On appeal, Centech does not contend that the LOS clause was not a material term of the contract. Rather, it argues that the Court of Federal Claims erred when it concluded that the Air Force acted rationally in following GAO's recommendation to solicit revised proposals for the ARDTEAS contract. According to Centech, the court erred when it determined that, on its face, Centech's proposal indicated that Centech did not agree to comply with the LOS clause. Appellant's Br. at 19. Centech reasons that it agreed to comply with the LOS clause when it submitted its proposal because its proposal was submitted in response to the RFP as supplemented by the later-retracted Policy Memorandum: "Centech proposed to perform less than 50% of the contract labor only because the Air Force invited this when it made [the] Policy Memorandum part of the RFP. This cannot be fairly characterized as a refusal, failure, or inability by Centech to comply with the LOS clause." Id. at 23. Centech contends that, under these circumstances, the case did not present an issue of proposal acceptability; rather, it presented an issue of offeror responsibility. Id. at 20--21. This meant, Centech asserts, that GAO and the Air Force "should have deferred to the SBA, and its exclusive area of jurisdiction under [the Small Business Act,] to render small business responsibility determinations as part of its COC review process." Id. at 25. Centech notes that, when the SBA did evaluate Centech's proposal, it found Centech to be responsible. Id. at 30. Centech argues that the Air Force irrationally ignored that responsibility determination and followed GAO's independent finding of unacceptability. Id. at 30. Accordingly, Centech concludes that the Court of Federal Claims abused its discretion in denying declaratory and injunctive relief.
Tybrin and the government respond that the Court of Federal Claims did not err in denying Centech's request for declaratory and injunctive relief. They contend that the Air Force rationally acted upon the determination of GAO that Centech's proposal was unacceptable for failure to comply with the LOS clause. Tybrin's Br. at 26; Government's Br. at 17. They argue that the Air Force was not barred from finding Centech's proposal unacceptable simply because the SBA determined that Centech was responsible. Tybrin's Br. at 32, 41; Government's Br. at 22.
We have stated that "a procurement agency's decision to follow [GAO's] recommendation even though that recommendation differed from the contracting officer's initial decision was proper unless [GAO's] decision itself was irrational." Honeywell, Inc. v. United States, 870 F.2d 644, 648 (Fed. Cir. 1989). In this case, we agree with the Court of Federal Claims that the Air Force acted properly when it followed GAO's recommendation to solicit revised proposals for the ARDTEAS contract. Centech submitted a proposal that, on its face, showed that Centech was not agreeing to incur by itself "[a]t least 50 percent of the cost of contract performance . . . for personnel," as required by the LOS clause.

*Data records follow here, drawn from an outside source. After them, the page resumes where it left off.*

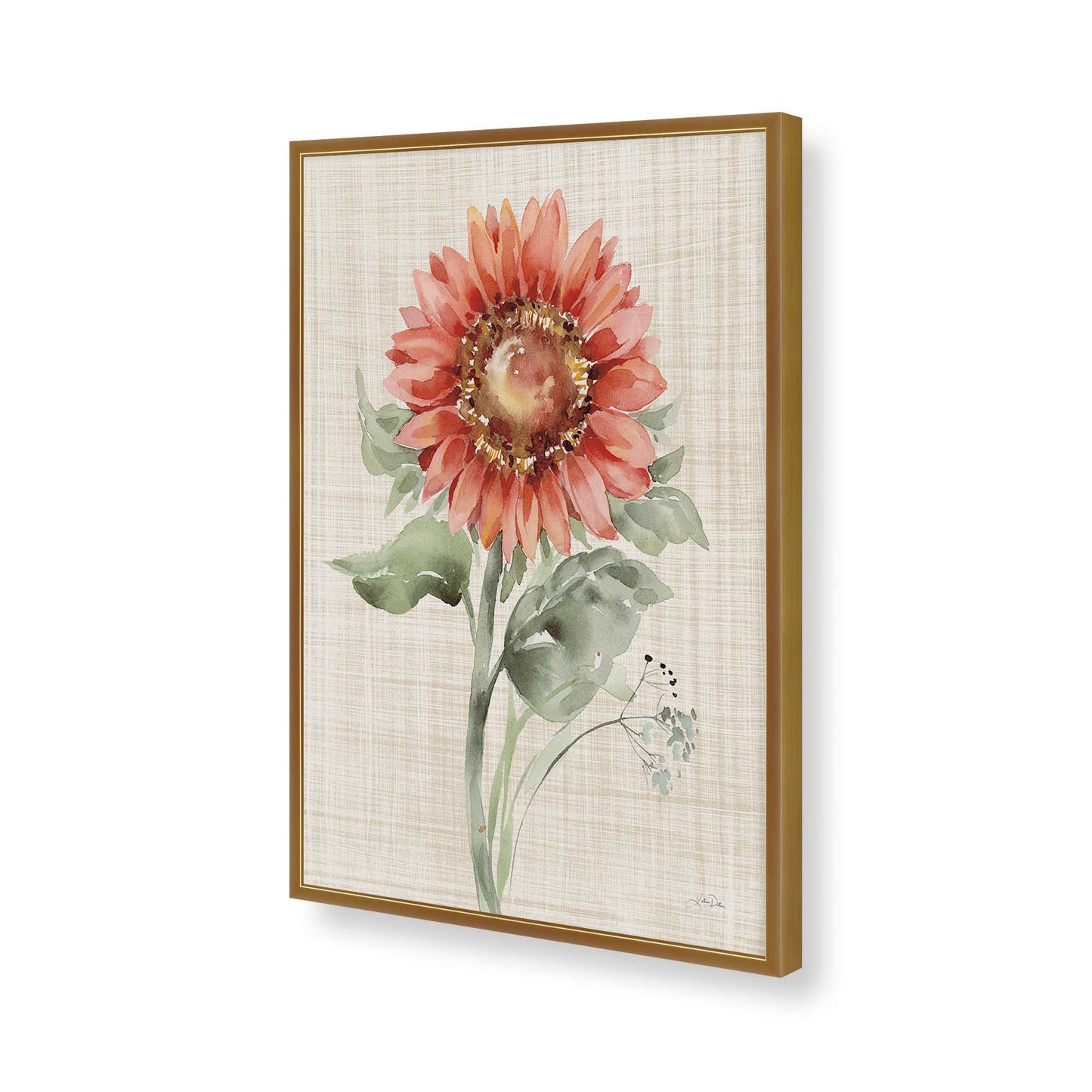 [Color:Polished Gold], Picture of art in a Polished Gold frame of the corner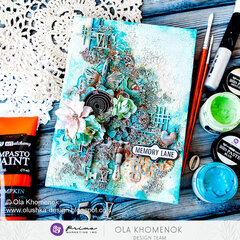 Memory Lane Altered Book by Ola for Prima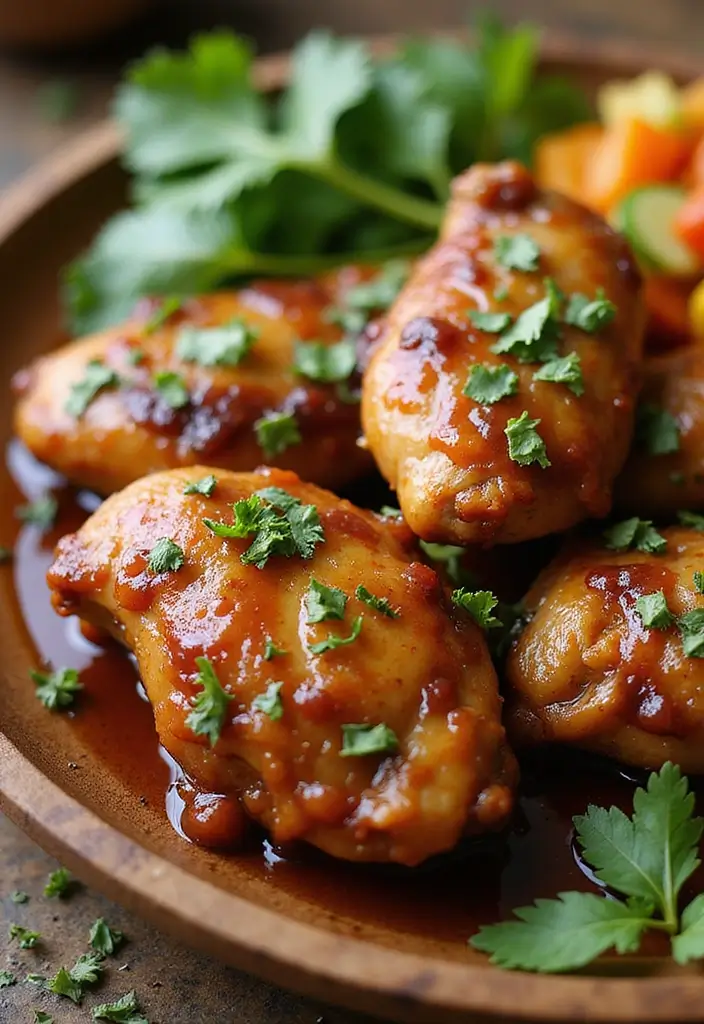 26 Easy Gluten Free Dinner Recipes for Busy Families - 12. Honey Garlic Chicken Thighs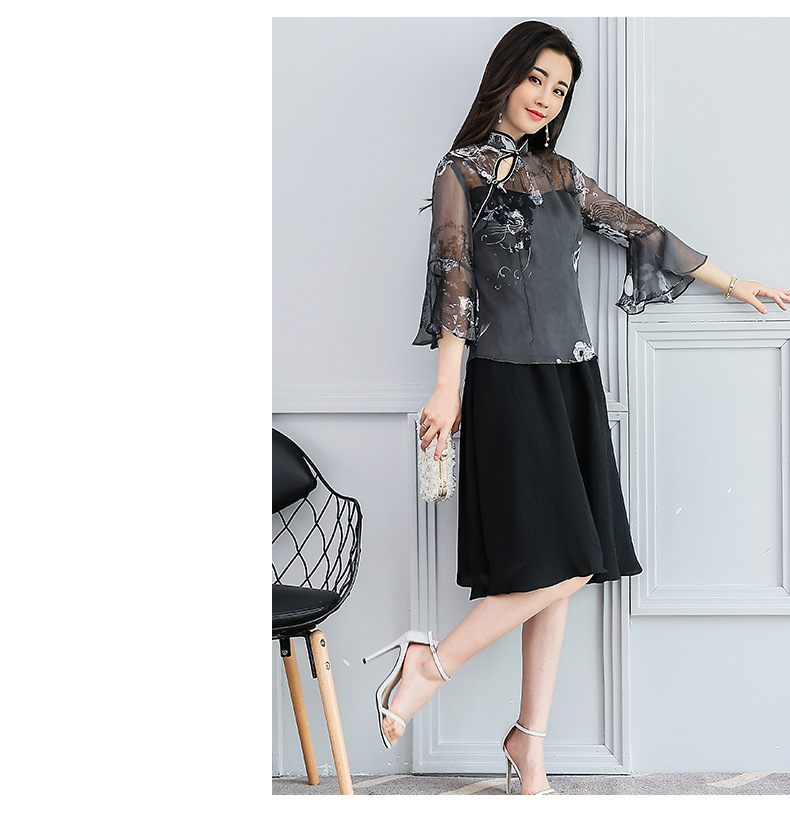 一件代发吉布森品牌2017夏甜美百搭时尚潮流显瘦修身纯色两件套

Pursuant to 31 U.S.C. § 3554(b)(1), GAO is required to recommend that an agency take specific corrective action if an award does not comply with a statute or regulation, including terminating the contract and awarding a contract consistent with the requirements of the statute and regulations. See Honeywell, 870 F.2d at 648. In Orincon, GAO noted that, "[a]s a general matter, an agency's judgment as to whether a small business offeror will comply with the subcontracting limitation is a matter of responsibility, and the contractor's actual compliance with the provision is a matter of contract administration." 97-2 Comp. Gen. (West) at 4. GAO further stated: "However, where a proposal, on its face, should lead an agency to the conclusion that an offeror could not and would not comply with the subcontracting limitation, we have considered this to be a matter of the proposal's technical acceptability." Id. Since Centech's proposal did not offer to provide what the RFP requested, it was not responsive to the RFP. It therefore was unacceptable and could not serve as the basis for contract award. Under these circumstances, GAO's recommendation to solicit revised proposals for the contract plainly was rational. It therefore was proper for the Air Force to follow GAO's recommendation.

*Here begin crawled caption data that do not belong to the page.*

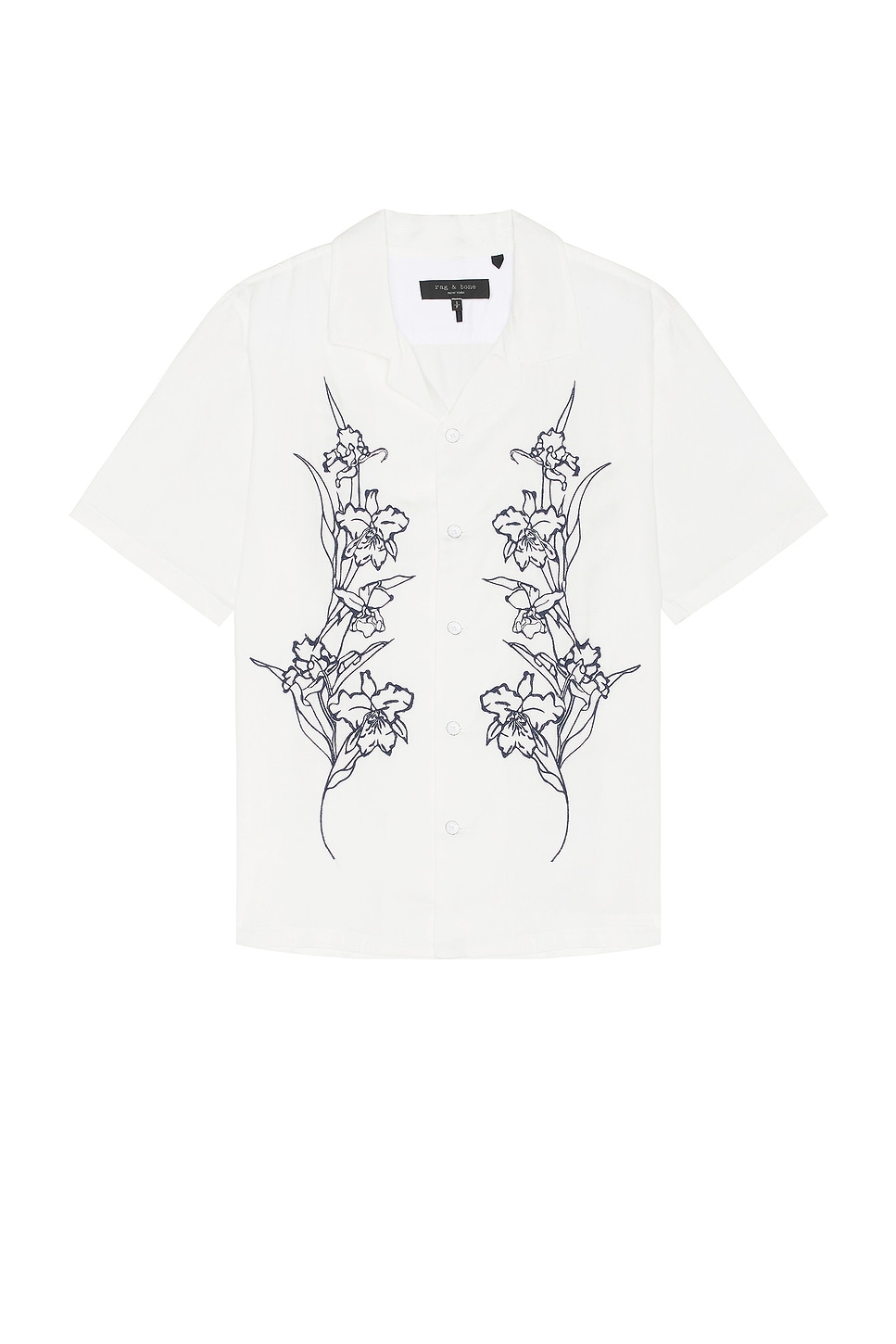 Image 1 of Rag & Bone Avery Resort Shirt in Aged White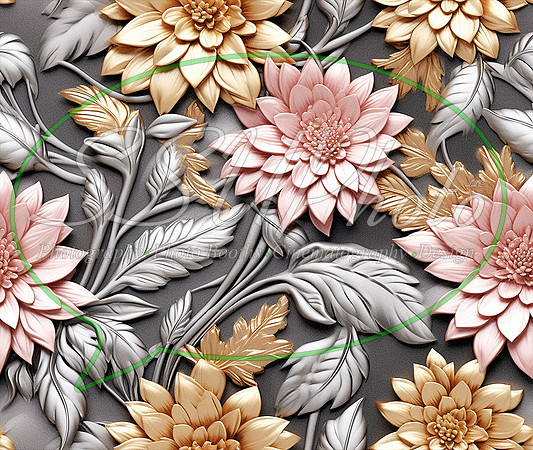 Metal3dFlowers13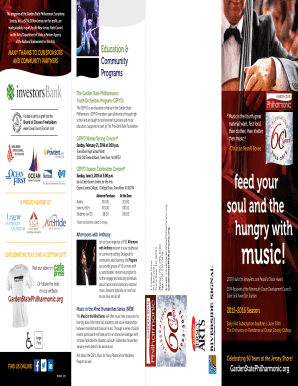 Garden State Philharmonic Event Tickets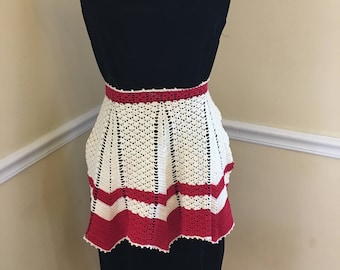 Crocheted apron | Etsy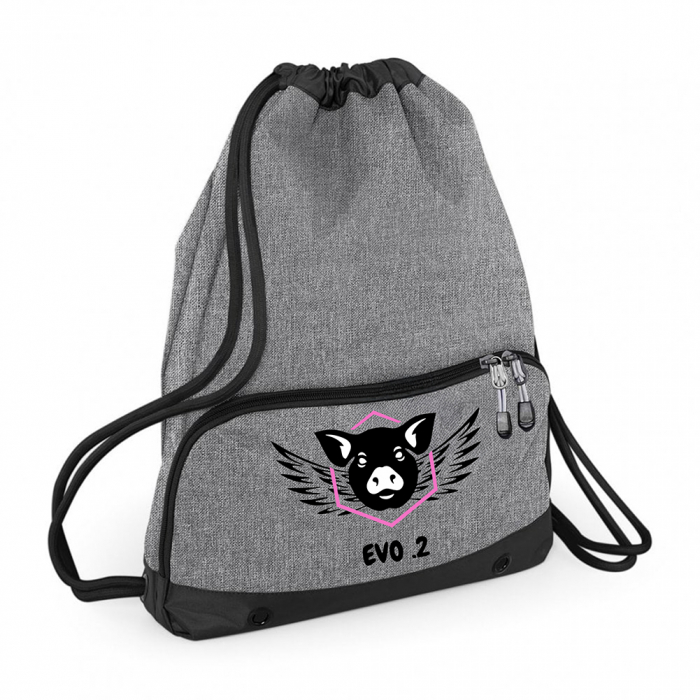 Keeper iD Sports Drawstring Bag grey/black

Our conclusion is not changed by the fact that, in structuring its proposal, Centech apparently relied upon the later-retracted Policy Memorandum. The Air Force Material Command could not, through the Policy Memorandum, alter the requirements of the LOS clause, which was mandated by statute and regulation. See United States v. Amdahl Corp., 786 F.2d 387, 392--93 (Fed. Cir. 1986) ("Administrative actions taken in violation of statutory authorization or requirement are of no effect."); cf. Lyng v. Payne, 476 U.S. 926, 937 (1986) (noting that "not all agency publications are of binding force" and that "an agency's power is no greater than that delegated to it by Congress"). In short, the Policy Memorandum could not override the LOS clause. We thus reject Centech's argument that the presence of the Policy Memorandum (prior to its retraction) meant that Centech submitted a proposal which reflected agreement to comply with the LOS clause.

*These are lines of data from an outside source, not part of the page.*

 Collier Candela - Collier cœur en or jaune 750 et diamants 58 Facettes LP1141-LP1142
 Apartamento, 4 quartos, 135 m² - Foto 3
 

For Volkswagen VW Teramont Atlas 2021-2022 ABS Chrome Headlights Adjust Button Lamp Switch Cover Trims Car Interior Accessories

We take due notice of the procurement regulation at 48 C.F.R. § 19.601(d) and the SBA regulation at 13 C.F.R. § 125.6(f). The former provides that "[w]hen a solicitation requires a small business to adhere to the limitations on subcontracting, a contracting officer's finding that a small business cannot comply with the limitation shall be treated as an element of responsibility and shall be subject to the COC process." 48 C.F.R. § 19.601(d). The latter provides that "[c]compliance [with the LOS clause is] considered an element of responsibility and not a component of size eligibility." 13 C.F.R. § 125.6(f). Centech cites these regulations in making its argument that GAO and the Air Force should have deferred to the SBA's determination that Centech would comply with the LOS clause. These two regulations do not change the result in this case, however. The reason is that, as GAO stated in its decision, the issue was not whether Centech could comply with the requirements of the LOS clause-the matter to which § 19.601(d) is directed. See 19 C.F.R. § 19.601(d) (referring to "a contracting officer's finding that a small business cannot comply with the [subcontracting] limitation" (emphasis added)). Rather, the issue was whether, in its proposal, Centech agreed that it would comply with the requirements of the LOS clause.*fn5 The record fully supports GAO's determination that, in its proposal, Centech did not agree to comply with the clause. The Air Force acted rationally in following GAO's recommendation based upon that determination.
For the foregoing reasons, we affirm the decision of the Court of Federal Claims denying Centech's request for declaratory and injunctive relief.
Each party shall bear its own costs.